「海外組好き」のハリルも改心。今野泰幸がJリーグの価値を証明した (2ページ目)

  • 浅田真樹●取材・文 text by Asada Masaki
  • スエイシナオヨシ●撮影 photo by Sueishi Naoyoshi

 だが、オマル封じの一方で、対応が手薄になった15番のイスマイール・アルハマディにはかなり守備網を破られた。シンプルでいてスピードのあるワンツーに、日本の選手が振り切られる場面は多かった。

 前半、アルハマディのドリブル突破から迎えたピンチは、GK川島永嗣の好セーブを称えるとしても、後半開始直後にあったUAEの決定機は、彼のシュートミス(左からのクロスに合わせ損ねた)に助けられたものだ。これが決まっていれば、まったく違う結果になっていた可能性は十分にある。

「美しい勝利」というのは、自分たちに都合のいい場面だけをつなぎ合わせた見方のように思う。
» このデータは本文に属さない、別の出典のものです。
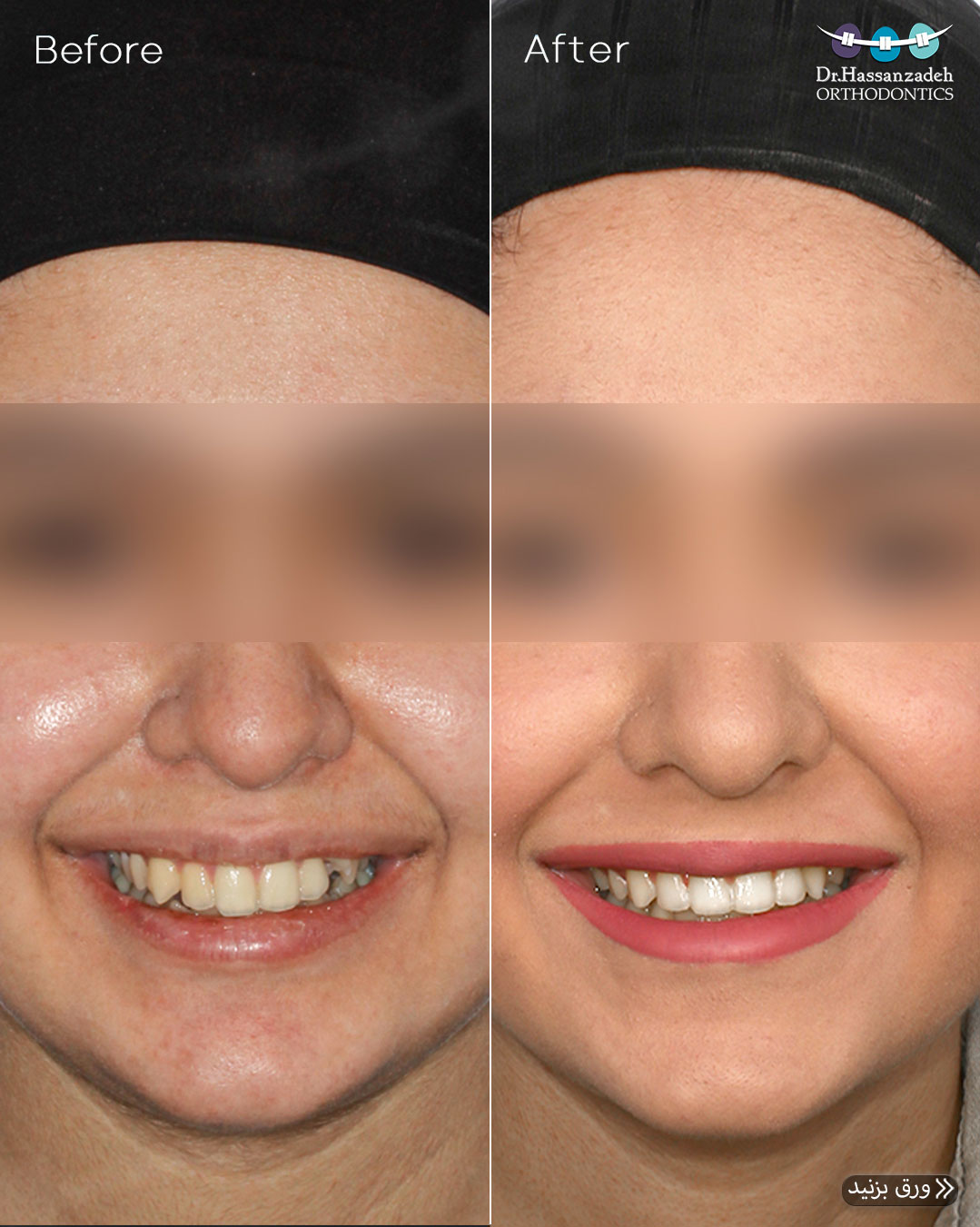 قبل و بعد از درمان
 そんななか、この試合において勝利とは別のところで価値を感じるのは、Jリーグでの活躍が日本代表につながったこと。すなわち、Jリーグで高いパフォーマンスを見せている選手が日本代表に選ばれ、その選手の活躍が日本代表に勝利をもたらしたという点である。

 言うまでもなく、MF今野泰幸のことだ。

 このところの今野がガンバ大阪で見せる活躍は、あまりにも際立っていた。特にハリルホジッチ監督も現地で視察していたJ1第2節の柏レイソル戦では、極めてインテンシティの高いプレーを90分間持続(ガンバ・長谷川健太監督が「肉離れを起こすのではないか」と心配するほどだった)。鳥肌が立つほどに素晴らしかった。